Northeastern Section - 50th Annual Meeting (23–25 March 2015)

Paper No. 4
Presentation Time: 2:30 PM

INFLUENCES OF TERRAIN AND VEGETATION ON PERMAFROST DISTRIBUTION: CASE STUDIES FROM TANANA FLATS AND 12-MILE LAKE, ALASKA


CAMPBELL, Seth, ERDC, Cold Regions Research and Engineering Lab, 72 Lyme Road, Hanover, NH 03755, seth.campbell@umit.maine.edu

Links exist between permafrost distribution and latitude, climate warming, vegetation succession, surface slope, aspect, hydrology, geology, winter snow cover, and forest fire activity.
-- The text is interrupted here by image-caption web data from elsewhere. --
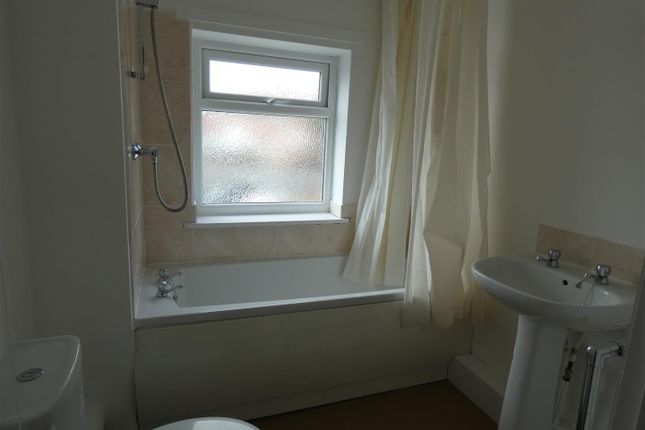 Flat 1 377, Prince Edward Road, South Shields photo 3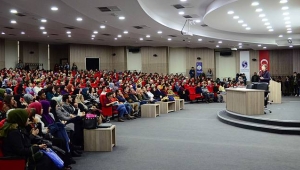 SAÜ'de İyi Aile Yoktur ya da Çocuk Olmanın Dramı Konuşuldu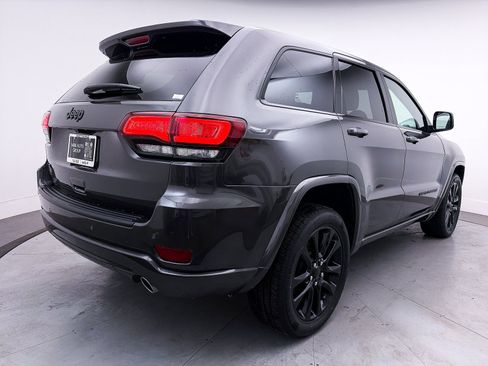 Used 2021 Jeep Grand Cherokee Laredo X image 16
However, these relationships are difficult to quantify which results in only a coarsely mapped distribution (depth and extent) of permafrost in Alaska. Alaskan permafrost and ground ice act as a significant greenhouse gas sink and have tremendous impacts on local geotechnical engineering (e.g. roads, oil pipelines, polar structures). Therefore, an ultimate goal in Alaskan permafrost research is to develop accurate predictive estimates of permafrost distribution relative to climate change scenarios. Herein, I compare available digital terrain data and satellite imagery to ground-penetrating radar and galvanic resistivity surveys used to map permafrost distribution in Tanana Flats near Fairbanks and surrounding 12-Mile Lake within the drainage corridor of the Yukon River, Alaska. Results show qualitative relationships between permafrost distribution mapped with geophysical surveys and surface slope, aspect, and modeled solar radiation determined from high resolution digital terrain data. Vegetation biomass and vegetation type determined from remotely sensed data also show qualitative relationships to permafrost extent. Quantitative analysis show similar, albeit weaker, trends between permafrost distribution and each of these variables, likely because numerous variables impact permafrost at each study location. This study indicates that the combination of digital terrain, remote sensing, and geophysical data may provide a robust dataset for determining current extent of permafrost and estimating changes in extent with respect to future climate change scenarios.